Second, the supply-chain finance segments tied to specific anchor corporates have shown clustered stress when the anchor’s sector turns. A few prominent platforms with concentration in particular industries learned this the hard way through 2025.
The lower-risk segments - secured MSME term loans, GST-data-driven cash flow lending against established businesses, and trade finance with insurance wraps - have performed broadly in line with expectations. The market is bifurcating.
Regulatory signals
The RBI has been clear in its quarterly commentary that it expects digital lending platforms to operate with the same prudential discipline as bank lenders, even when they’re operating as agents or co-lending partners rather than principals. The default-loss-guarantee structure that some platforms used to push portfolio risk back onto originators has been tightened. First-loss positions are now disclosed and treated as on-balance-sheet exposure for capital purposes.
This has changed the economics of platform lending in ways that aren’t fully reflected in published unit economics yet. Several fintechs that grew rapidly under looser interpretations of the rules are now sitting on portfolios that look less attractive once the capital treatment is applied.
The recent guidance on co-lending arrangements has also tightened the requirements around credit decisioning ownership. Platforms that pitched themselves as origination engines for bank balance sheets have to demonstrate genuine credit assessment capability or step back to a pure marketing role.
Where AI is helping and where it isn’t
The conversation about AI in MSME underwriting has matured. Three years ago every pitch deck had a slide about machine learning models that would unlock new credit pools.
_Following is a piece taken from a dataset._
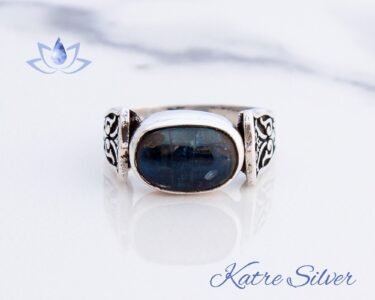 Blue Kyanite Gemstone Ring, Kyanite Gemstone, Kyanite Jewelry, Unique Design Ring, Handmade Jewelry, 925 Sterling Silver, Ring of Men - Image 3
The reality has been more measured.
AI is genuinely useful for two things in the MSME space - early-warning signal detection on existing portfolios, and automating the document collection and verification workflow. Both produce real cost savings. AI is less useful, in practice, for substituting hard credit data with alternative signals when underwriting genuinely thin-file applicants. The models that promised this haven’t held up well in default cycles.
The platforms doing serious AI work tend to partner with specialist consultancies for the harder modelling and infrastructure pieces. There’s a small but growing ecosystem of Asia-Pacific AI specialists serving Indian financial services, alongside the larger global players.
The 2026-2027 outlook
Three things to watch over the next eighteen months. First, the consolidation among the smaller fintech lenders is going to accelerate as funding markets stay disciplined and unit economics on unsecured MSME lending stay stressed. Expect at least a dozen meaningful acquisitions or wind-downs by year-end.
Second, the larger platforms with GST-data-driven underwriting at scale are likely to expand into adjacent products - working capital, invoice finance, and embedded credit within ERP platforms. The unit economics here are better.
Third, the regulator’s posture matters more than market dynamics for the next phase. If the current tightening continues, the platforms that survive will be smaller in number, larger in average size, and tightly integrated with bank balance sheets. That’s broadly a healthy direction, even if it’s uncomfortable for the current crop of mid-tier players.